_Directions_
Begin with the line in which "Football, 2026 FIFA" appears and end with the final line of the entries. Retype each one exactly and add nothing.
Provided data START
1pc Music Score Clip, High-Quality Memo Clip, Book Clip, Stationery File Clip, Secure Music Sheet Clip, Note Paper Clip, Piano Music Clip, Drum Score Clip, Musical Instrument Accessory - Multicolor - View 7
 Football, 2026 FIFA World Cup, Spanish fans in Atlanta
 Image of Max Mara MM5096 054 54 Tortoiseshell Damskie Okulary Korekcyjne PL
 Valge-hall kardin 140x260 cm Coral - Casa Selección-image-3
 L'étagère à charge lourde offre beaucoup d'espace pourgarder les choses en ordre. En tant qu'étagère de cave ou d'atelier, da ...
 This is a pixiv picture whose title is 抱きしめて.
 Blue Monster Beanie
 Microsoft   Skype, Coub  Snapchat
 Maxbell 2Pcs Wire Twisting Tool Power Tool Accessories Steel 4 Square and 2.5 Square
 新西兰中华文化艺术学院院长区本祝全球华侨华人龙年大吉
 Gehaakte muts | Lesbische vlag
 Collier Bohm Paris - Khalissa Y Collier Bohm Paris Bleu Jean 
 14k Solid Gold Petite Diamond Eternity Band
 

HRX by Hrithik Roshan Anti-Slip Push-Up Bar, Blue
Provided data END
_Exercise result_
 Football, 2026 FIFA World Cup, Spanish fans in Atlanta
 Image of Max Mara MM5096 054 54 Tortoiseshell Damskie Okulary Korekcyjne PL
 Valge-hall kardin 140x260 cm Coral - Casa Selección-image-3
 L'étagère à charge lourde offre beaucoup d'espace pourgarder les choses en ordre. En tant qu'étagère de cave ou d'atelier, da ...
 This is a pixiv picture whose title is 抱きしめて.
 Blue Monster Beanie
 Microsoft   Skype, Coub  Snapchat
 Maxbell 2Pcs Wire Twisting Tool Power Tool Accessories Steel 4 Square and 2.5 Square
 新西兰中华文化艺术学院院长区本祝全球华侨华人龙年大吉
 Gehaakte muts | Lesbische vlag
 Collier Bohm Paris - Khalissa Y Collier Bohm Paris Bleu Jean 
 14k Solid Gold Petite Diamond Eternity Band
 

HRX by Hrithik Roshan Anti-Slip Push-Up Bar, Blue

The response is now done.